The spread of democracy, in Wilson’s view, would be an automatic consequence of implementing the principle of self-determination. Since the Congress of Vienna, wars had ended with an agreement on the restoration of the balance of power by territorial adjustments. Wilson’s concept of world order called instead for “self-determination”—for each nation, defined by ethnic and linguistic unity, to be given a state. Only through self-government, he assessed, could peoples express their underlying will toward international harmony. And once they had achieved independence and national unity, Wilson argued, they would no longer have an incentive to practice aggressive or self-interested policies. Statesmen following the principle of self-determination would not “dare … attempting any such covenants of selfishness and compromise as were entered into at the Congress of Vienna,” where elite representatives of the great powers had redrawn international borders in secret, favoring equilibrium over popular aspirations. The world would thus enter
an age … which rejects the standards of national selfishness that once governed the counsels of nations and demands that they shall give way to a new order of things in which the only questions will be: “Is it right?” “Is it just?” “Is it in the interest of mankind?”

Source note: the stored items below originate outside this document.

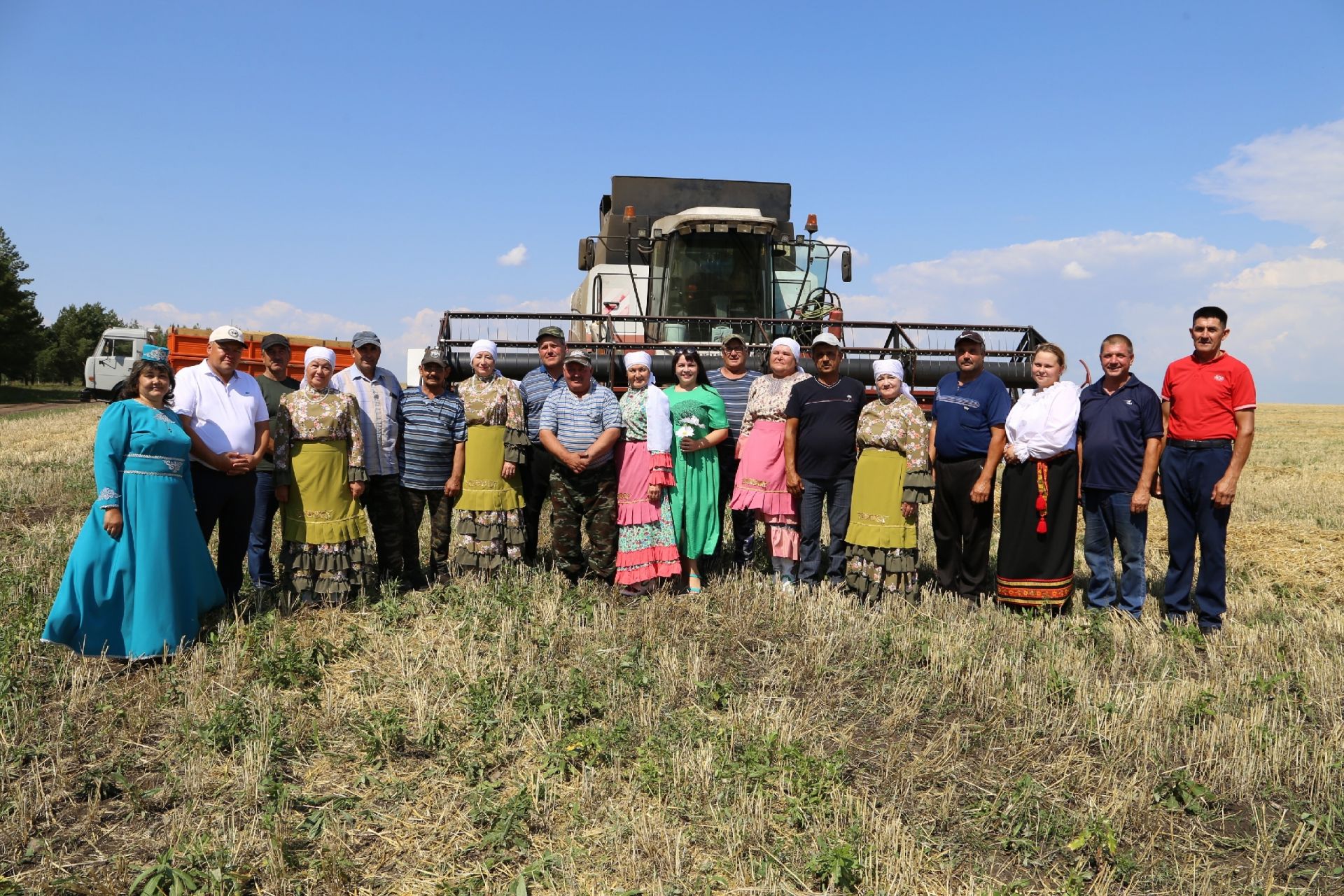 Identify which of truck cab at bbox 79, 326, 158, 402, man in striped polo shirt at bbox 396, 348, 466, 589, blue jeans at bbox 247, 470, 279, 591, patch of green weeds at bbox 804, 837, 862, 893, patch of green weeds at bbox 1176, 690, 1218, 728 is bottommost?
patch of green weeds at bbox 804, 837, 862, 893

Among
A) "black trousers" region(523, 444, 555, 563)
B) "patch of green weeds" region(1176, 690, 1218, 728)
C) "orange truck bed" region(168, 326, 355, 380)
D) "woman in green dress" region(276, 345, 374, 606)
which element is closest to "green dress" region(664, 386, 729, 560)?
"black trousers" region(523, 444, 555, 563)

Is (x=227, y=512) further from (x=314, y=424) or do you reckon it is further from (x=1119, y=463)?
(x=1119, y=463)

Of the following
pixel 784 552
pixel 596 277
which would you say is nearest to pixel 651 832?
pixel 784 552

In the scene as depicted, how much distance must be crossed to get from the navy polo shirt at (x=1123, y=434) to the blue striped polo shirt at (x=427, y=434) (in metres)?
4.24

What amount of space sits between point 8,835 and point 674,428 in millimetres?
4150

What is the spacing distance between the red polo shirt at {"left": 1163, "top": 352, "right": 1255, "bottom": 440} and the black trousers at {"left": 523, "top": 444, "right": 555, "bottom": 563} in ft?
13.8

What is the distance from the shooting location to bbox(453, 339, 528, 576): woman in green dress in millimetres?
6090

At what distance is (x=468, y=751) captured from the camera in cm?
381

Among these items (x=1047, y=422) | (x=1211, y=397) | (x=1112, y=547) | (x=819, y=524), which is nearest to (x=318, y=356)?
(x=819, y=524)

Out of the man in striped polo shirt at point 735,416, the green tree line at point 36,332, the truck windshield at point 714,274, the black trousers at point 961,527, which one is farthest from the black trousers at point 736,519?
the green tree line at point 36,332

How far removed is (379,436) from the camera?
603cm

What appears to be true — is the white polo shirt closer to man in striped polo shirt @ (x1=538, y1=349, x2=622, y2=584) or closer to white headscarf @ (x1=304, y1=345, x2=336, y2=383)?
white headscarf @ (x1=304, y1=345, x2=336, y2=383)

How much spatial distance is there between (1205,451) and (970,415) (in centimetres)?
141

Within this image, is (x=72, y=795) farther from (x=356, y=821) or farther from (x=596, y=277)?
(x=596, y=277) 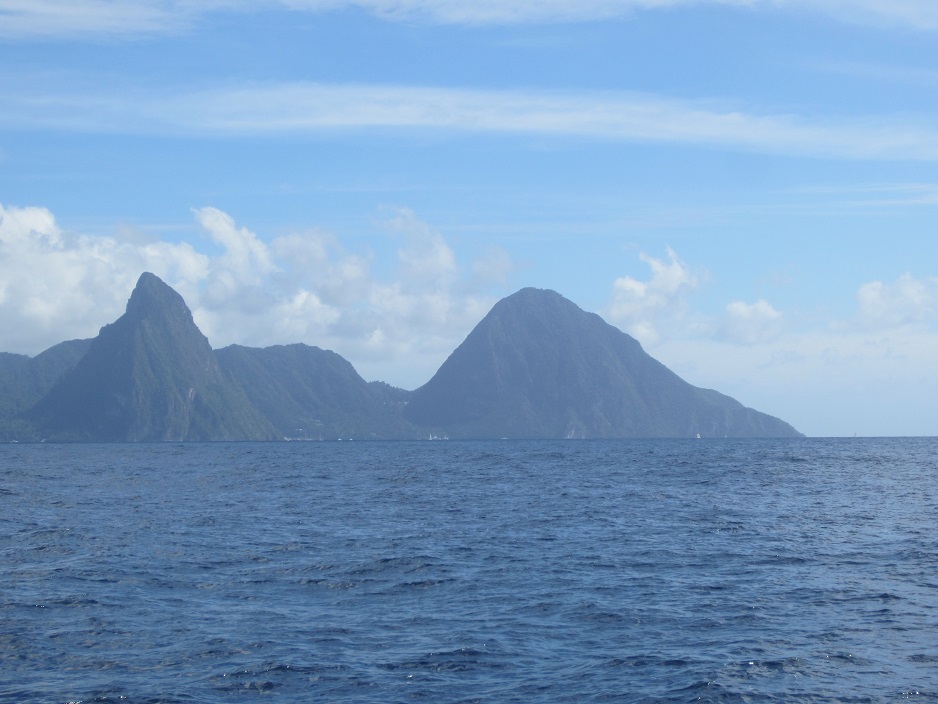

Scant evidence supported the Wilsonian premise that public opinion was more attuned to the overall “interest of mankind” than the traditional statesmen whom Wilson castigated. The European countries that entered the war in 1914 all had representative institutions of various influence. (The German parliament was elected by universal suffrage.) In every country, the war was greeted by universal enthusiasm with nary even token opposition in any of the elected bodies. After the war, the publics of democratic France and Britain demanded a punitive peace, ignoring their own historical experience that a stable European order had never come about except through an ultimate reconciliation of victor and defeated. Restraint was much more the attribute of the aristocrats who negotiated at the Congress of Vienna, if only because they shared common values and experiences. Leaders who had been shaped by a domestic policy of balancing a multitude of pressure groups were arguably more attuned to the moods of the moment or to the dictates of national dignity than to abstract principles of the benefit of humanity.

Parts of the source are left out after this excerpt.